Microsoft and Yahoo have dismissed a report that they're once again in discussions to sell Yahoo's online search business for $20 billion.
The Sunday Times wrote Microsoft had agreed to the "broad terms of a deal" but there was no guarantee that it would be completed.
"We continue to offer no comment on such rumors and speculation," according to a statement supplied by one of Microsoft's public relations agencies, Waggener Edstrom, in London on Monday.
A Yahoo spokeswoman also said the company had no comment on the report.
The Sunday Times wrote that Microsoft would bring in Jonathan Miller, the former CEO of AOL, and Ross Levinsohn, a former president of Fox Interactive Media, to manage a new team.

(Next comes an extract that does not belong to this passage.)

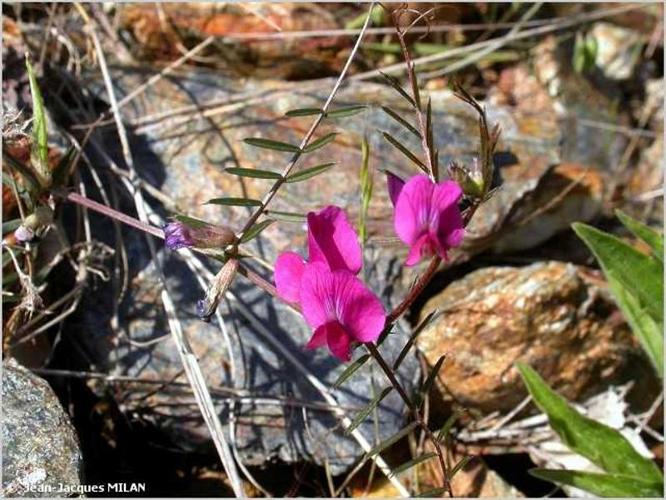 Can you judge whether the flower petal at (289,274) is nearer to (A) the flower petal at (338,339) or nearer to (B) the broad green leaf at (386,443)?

The Times also wrote that Microsoft seeks a 10-year agreement with Yahoo to run Yahoo's search business. Microsoft would have a two-year call option to buy that business for $20 billion. Yahoo would still run its own e-mail, messaging and content services, the paper wrote.

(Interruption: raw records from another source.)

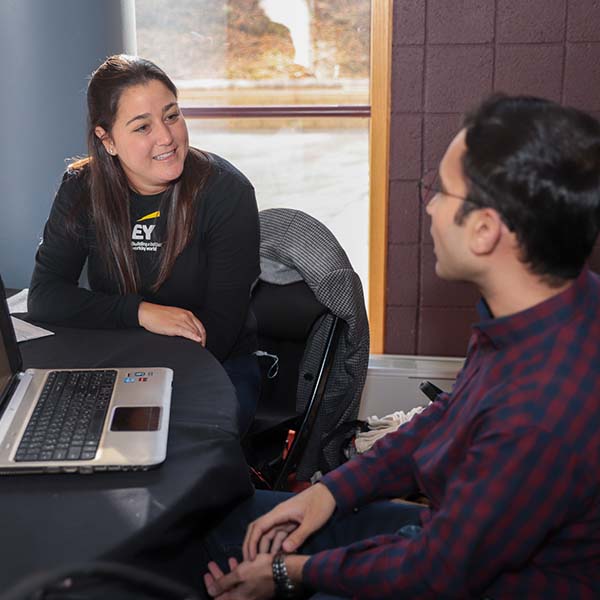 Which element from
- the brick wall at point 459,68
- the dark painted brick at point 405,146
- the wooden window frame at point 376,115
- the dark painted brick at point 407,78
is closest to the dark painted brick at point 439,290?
the brick wall at point 459,68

Microsoft began courting Yahoo earlier this year, offering US$44.6 billion in February for the entire company, or around US$31 per share. Yahoo's cofounder and then-CEO Jerry Yang held out for a higher offer, but Microsoft eventually lost interest.

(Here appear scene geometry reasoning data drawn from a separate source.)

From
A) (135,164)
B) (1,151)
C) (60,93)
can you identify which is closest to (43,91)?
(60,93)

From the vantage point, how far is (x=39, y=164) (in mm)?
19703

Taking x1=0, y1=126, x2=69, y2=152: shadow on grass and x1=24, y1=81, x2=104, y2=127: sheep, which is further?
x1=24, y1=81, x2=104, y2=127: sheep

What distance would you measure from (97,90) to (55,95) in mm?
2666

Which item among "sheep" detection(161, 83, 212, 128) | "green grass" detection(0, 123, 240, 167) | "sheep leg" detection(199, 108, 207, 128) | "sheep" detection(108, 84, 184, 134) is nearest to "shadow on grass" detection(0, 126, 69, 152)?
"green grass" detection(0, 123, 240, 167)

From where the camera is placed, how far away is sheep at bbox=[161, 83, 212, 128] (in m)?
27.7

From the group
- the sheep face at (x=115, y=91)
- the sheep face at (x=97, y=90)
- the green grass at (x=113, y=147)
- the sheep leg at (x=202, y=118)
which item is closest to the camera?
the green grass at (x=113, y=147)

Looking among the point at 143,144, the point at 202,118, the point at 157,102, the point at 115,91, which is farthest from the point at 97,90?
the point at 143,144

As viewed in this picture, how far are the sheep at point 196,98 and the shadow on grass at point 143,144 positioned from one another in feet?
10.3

Yahoo's stock has since quickly fallen along with the stock of many other technology companies that are feeling the effects of the global credit crunch. Yahoo's stock closed on Friday at $11.28 per share, putting its total market capitalization at US$15.96 billion.
Yang stepped down as CEO last week after taking over in June 2007. The company has been under increasing pressure from investors such as Carl Icahn, who is one of Yahoo's directors, to either make a deal or change the company's management.